** Work instruction **
A faithful copy of the listing below is needed, one that contains no pictures.

════════

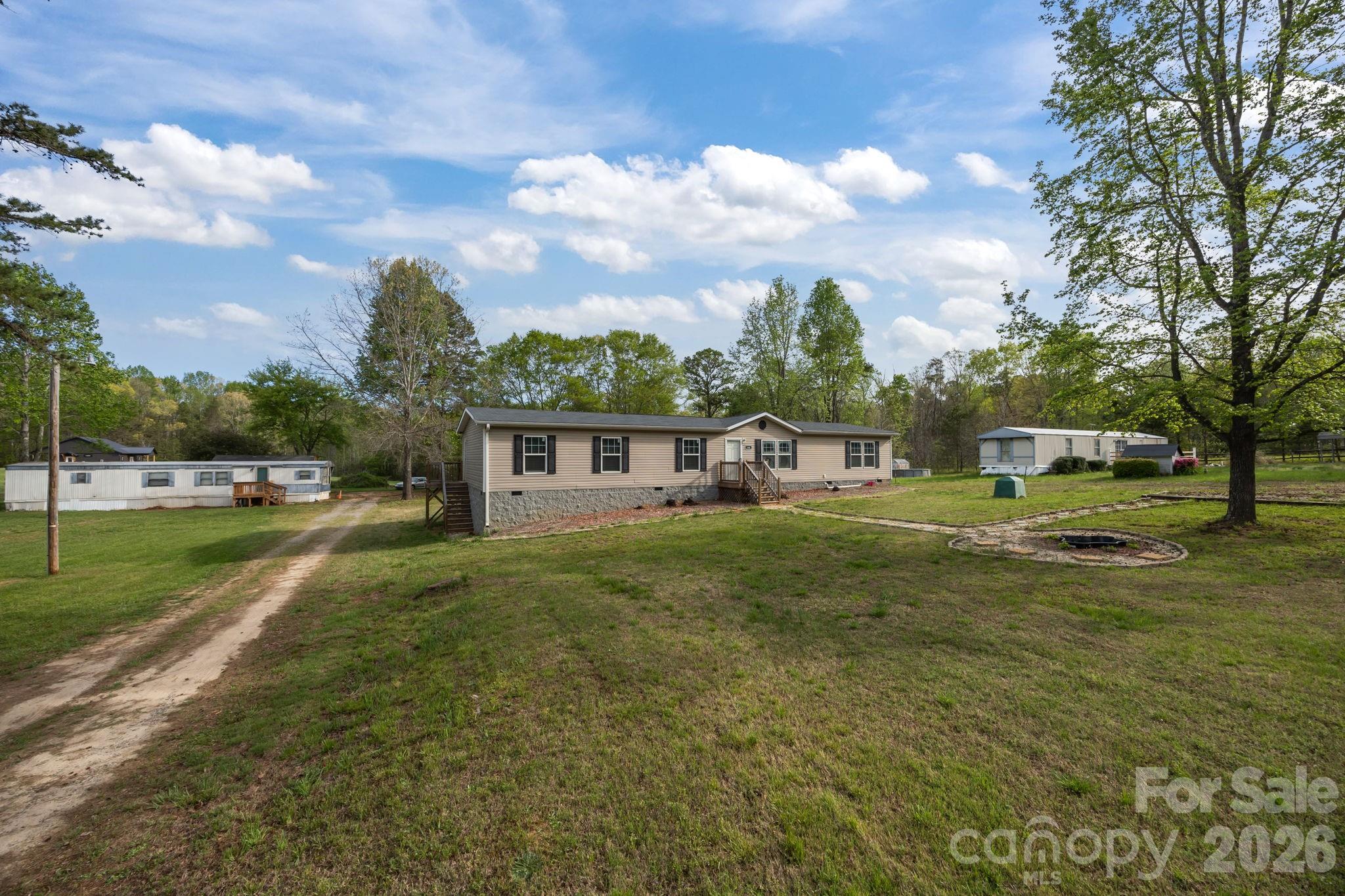188 Low Lane Property Photo 8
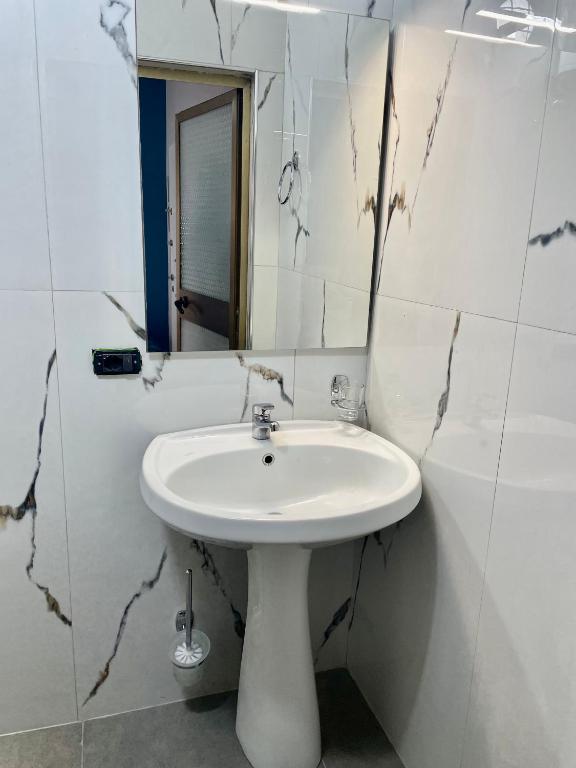 Central room private entry and bathroom - Imazhi 10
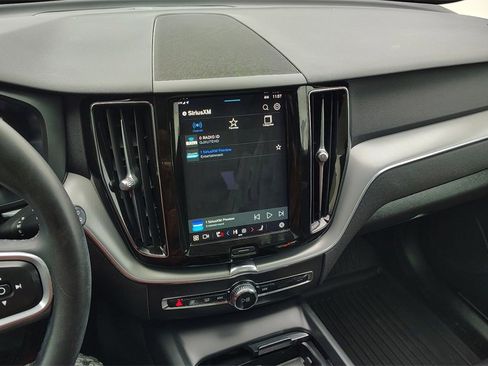 Certified 2023 Volvo XC60 B5 Core w/ Climate Package image 18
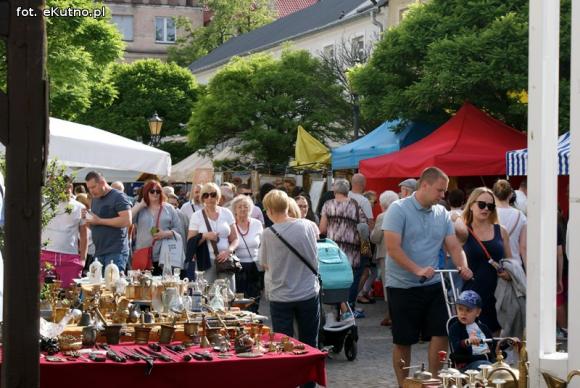 Bibeloty, pamiątki historyczne i rękodzieło. Zapraszamy do Płocka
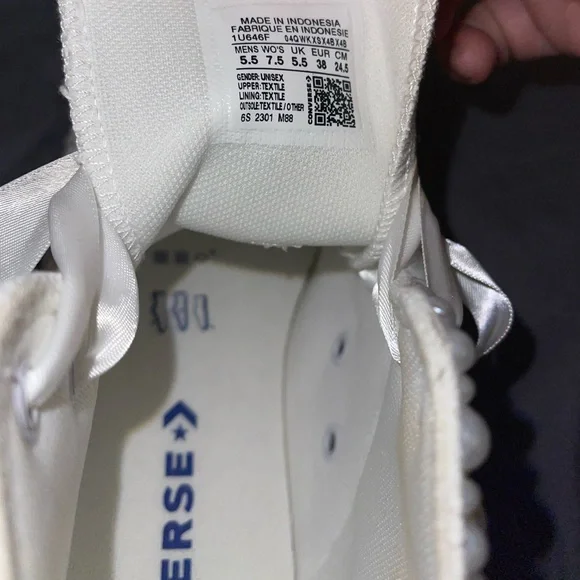 Custom made Swarovski And Pearls high top converse - Picture 4 of 11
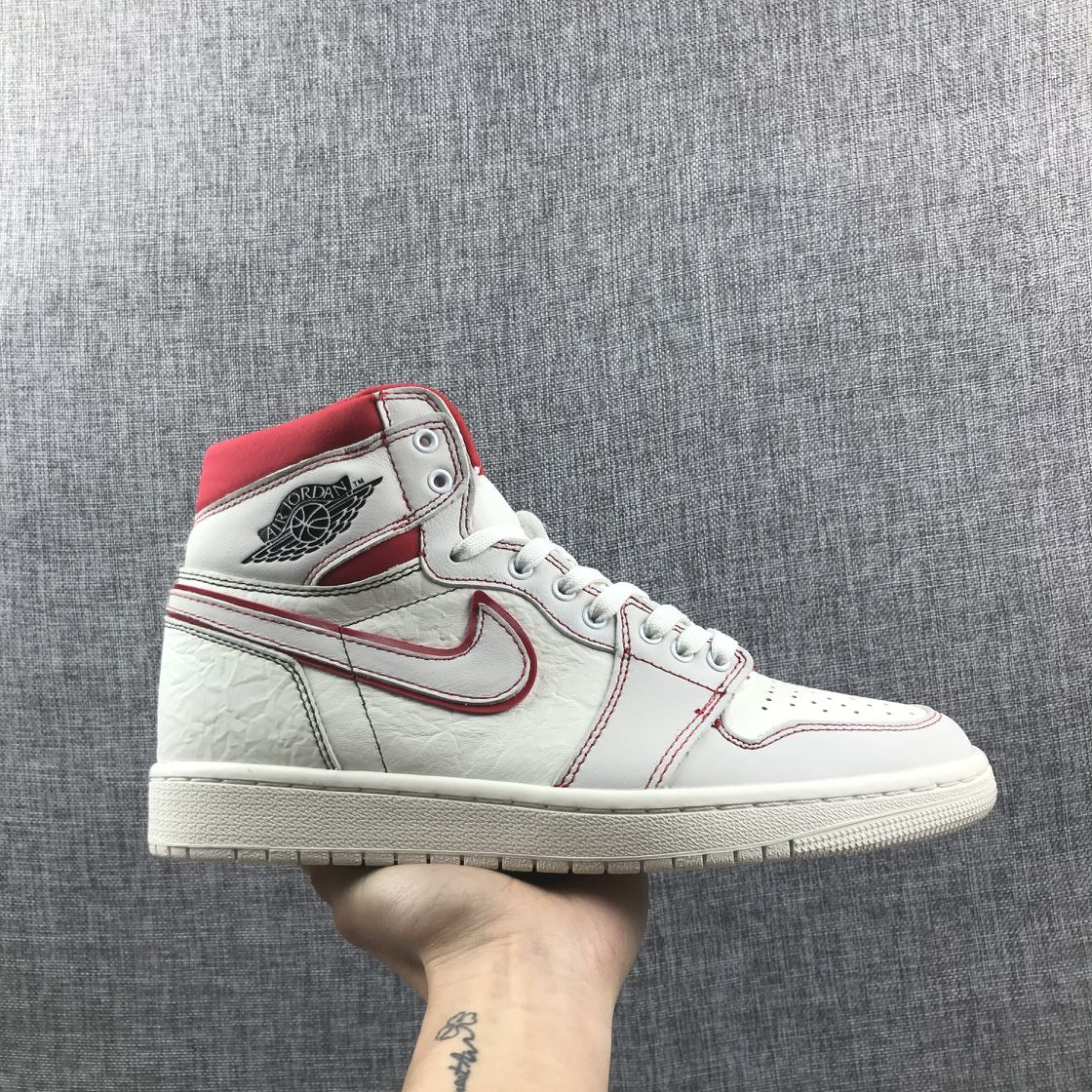 JORDAN 1 RETRO HIGH x PHANTOM GYM RED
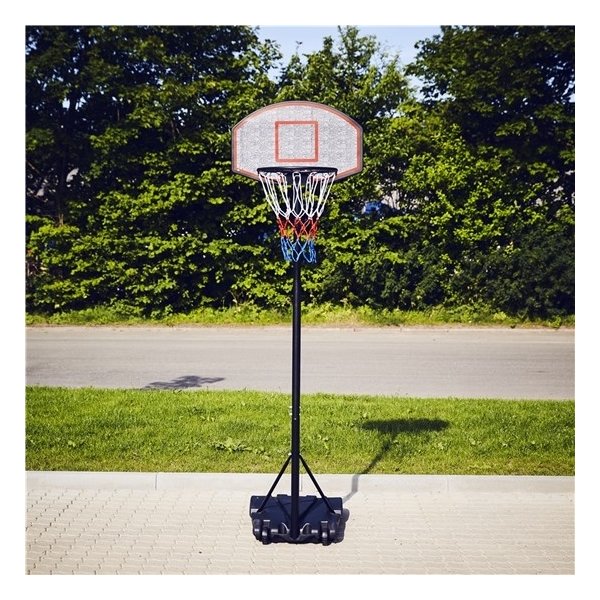 Nordic Games Basic Basketball stander.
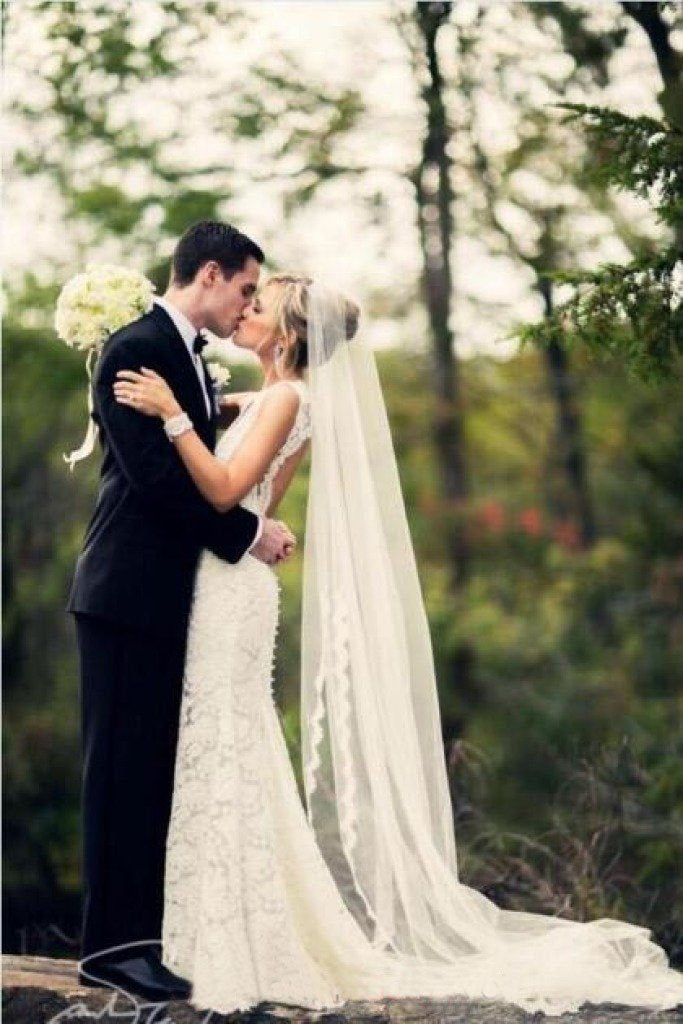 Alencon Applique Lace Trim Bridal Veil Long Tulle Wedding Veil WK870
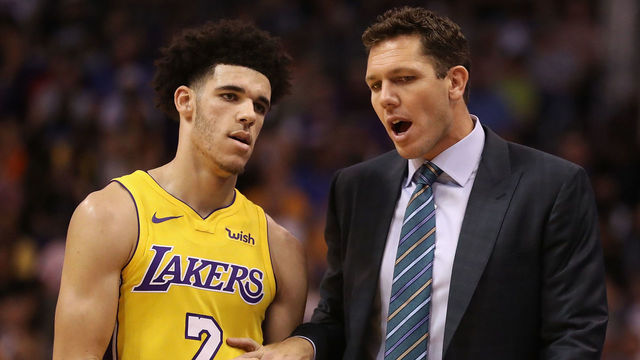 Walton shuts out LaVar: We're not interested in parents' opinions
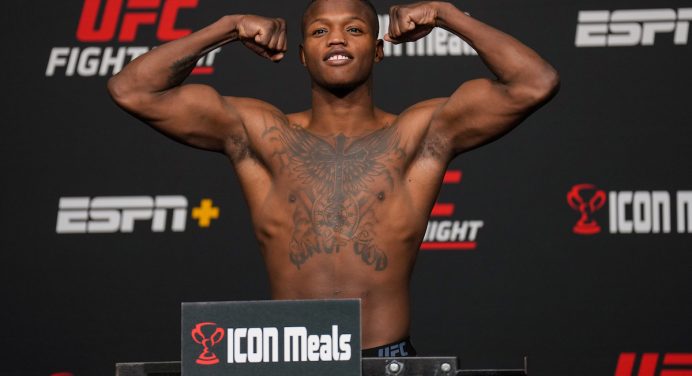 Promessa do MMA anuncia luta contra Ismael ‘Marreta’ em evento do UFC no Brasil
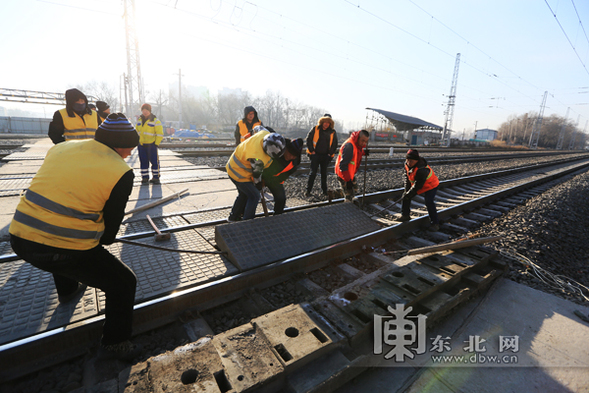 哈市拆除铁路道口80载交通“栓塞”今“治愈”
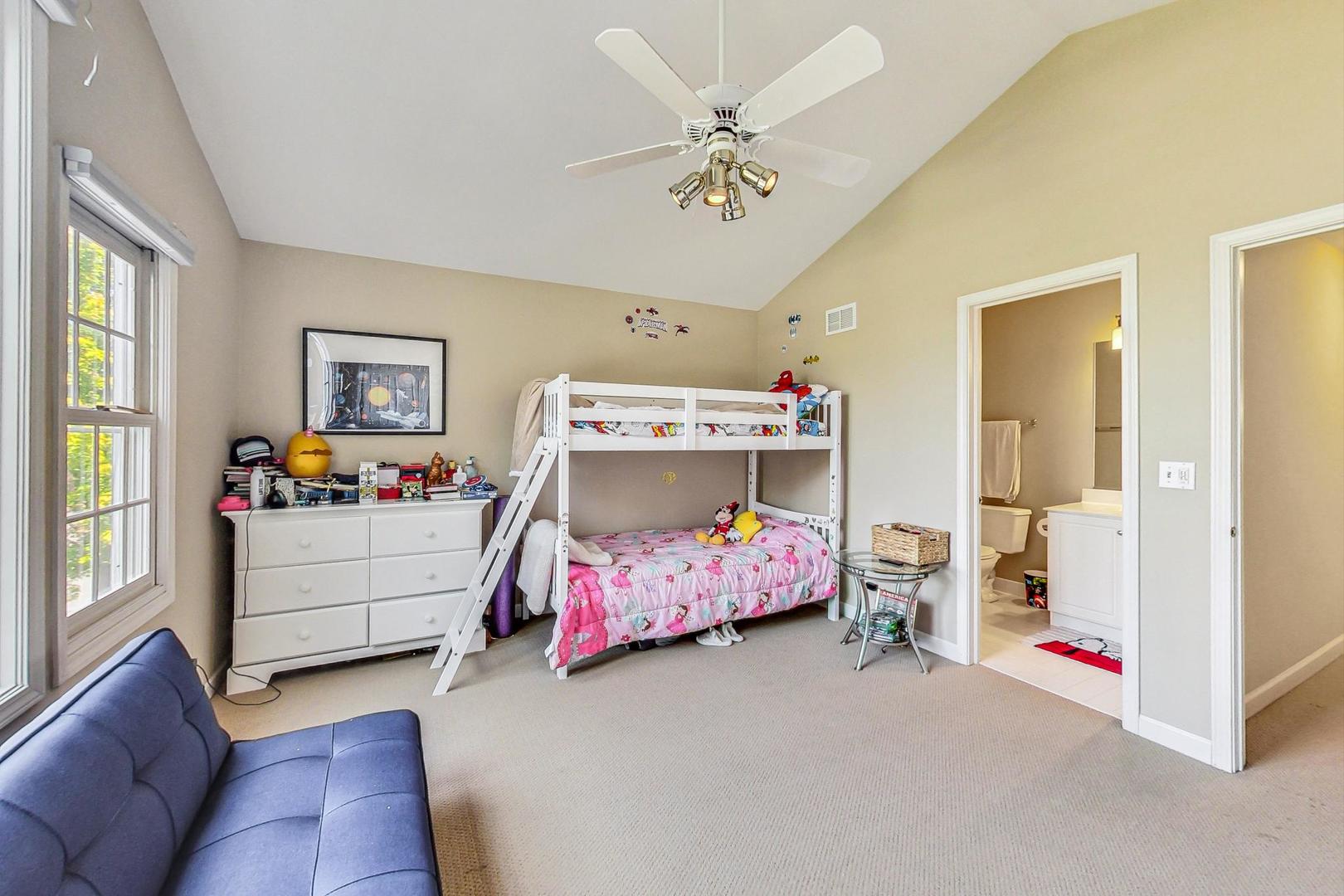 74 Trent Court Burr Ridge, IL 60527 - Photo 17 of 30 a bedroom with bed and window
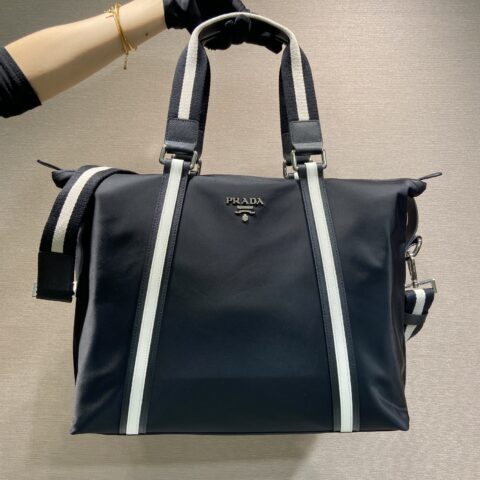 PRADA P家岀爆款男包，2096黑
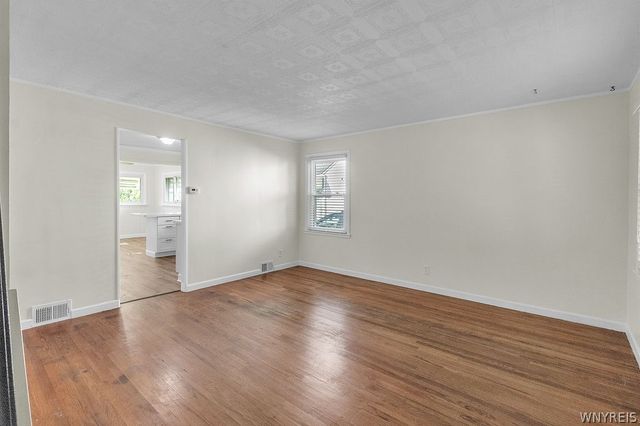 8217 Pershing Avenue, Niagara Falls, NY 14304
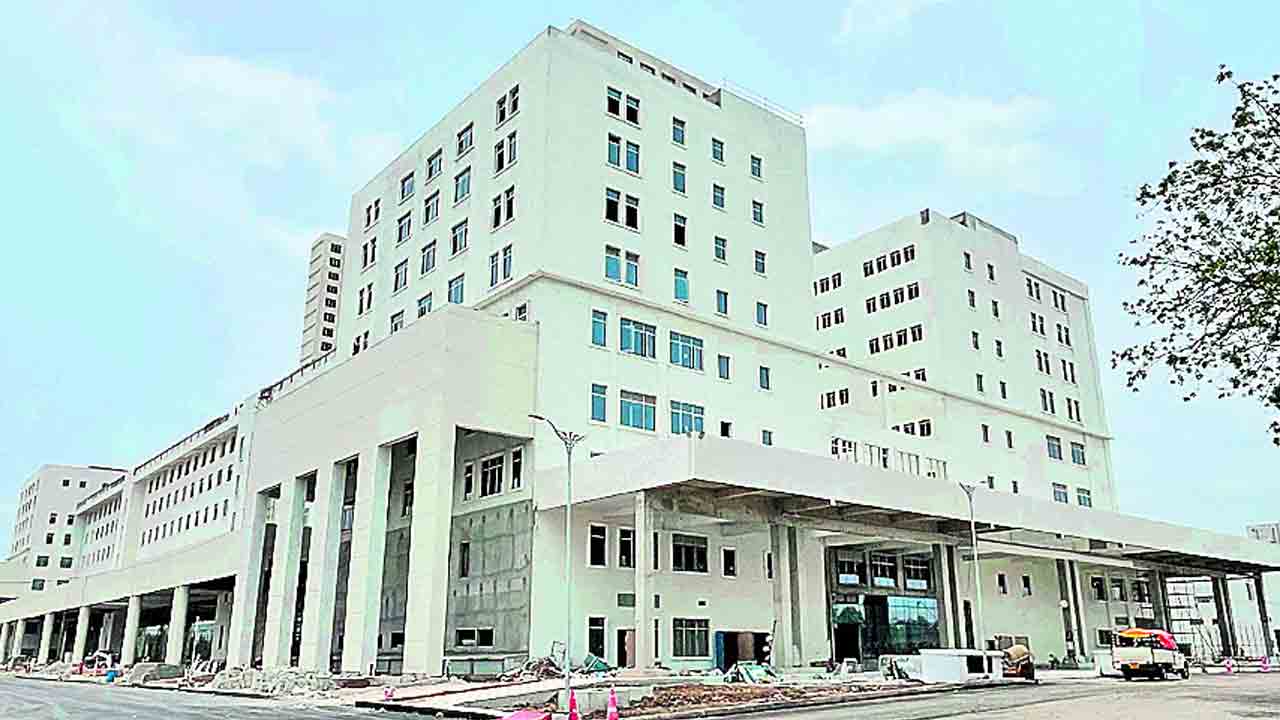 ఉద్యోగాల పేరిట దోపిడీ..!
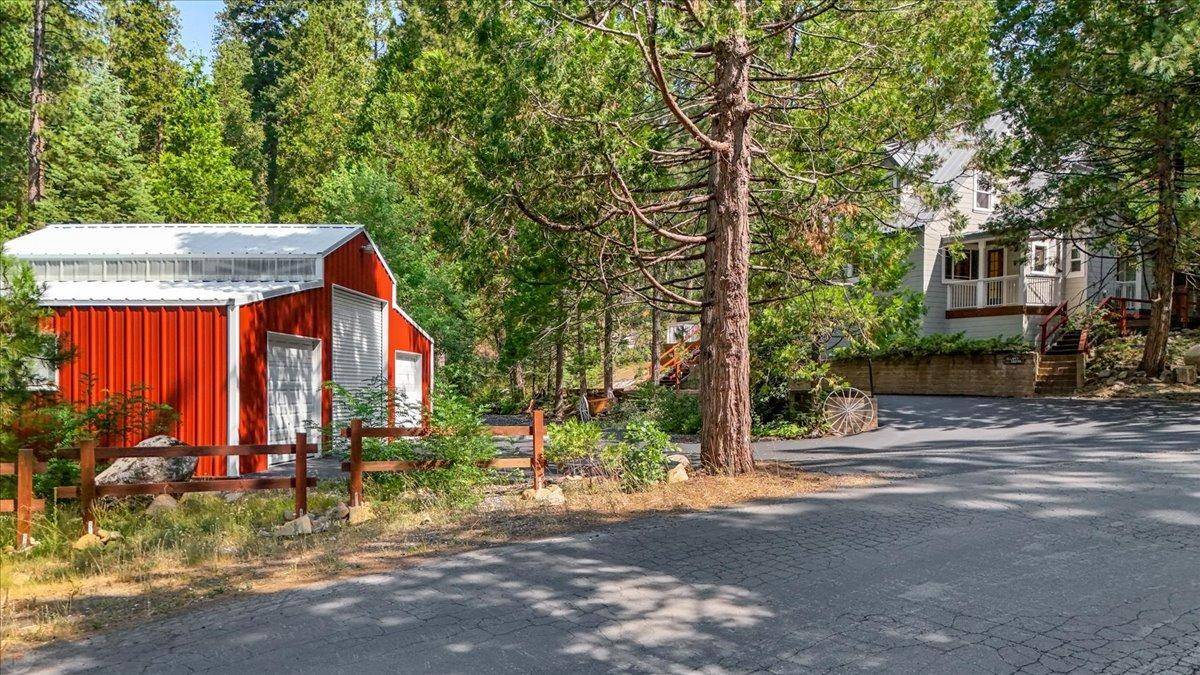 Strawberry, CA 95375,28248 Georges DR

════════

** Answer section **
188 Low Lane Property Photo 8
 Central room private entry and bathroom - Imazhi 10
 Certified 2023 Volvo XC60 B5 Core w/ Climate Package image 18
 Bibeloty, pamiątki historyczne i rękodzieło. Zapraszamy do Płocka
 Custom made Swarovski And Pearls high top converse - Picture 4 of 11
 JORDAN 1 RETRO HIGH x PHANTOM GYM RED
 Nordic Games Basic Basketball stander.
 Alencon Applique Lace Trim Bridal Veil Long Tulle Wedding Veil WK870
 Walton shuts out LaVar: We're not interested in parents' opinions
 Promessa do MMA anuncia luta contra Ismael ‘Marreta’ em evento do UFC no Brasil
 哈市拆除铁路道口80载交通“栓塞”今“治愈”
 74 Trent Court Burr Ridge, IL 60527 - Photo 17 of 30 a bedroom with bed and window
 PRADA P家岀爆款男包，2096黑
 8217 Pershing Avenue, Niagara Falls, NY 14304
 ఉద్యోగాల పేరిట దోపిడీ..!
 Strawberry, CA 95375,28248 Georges DR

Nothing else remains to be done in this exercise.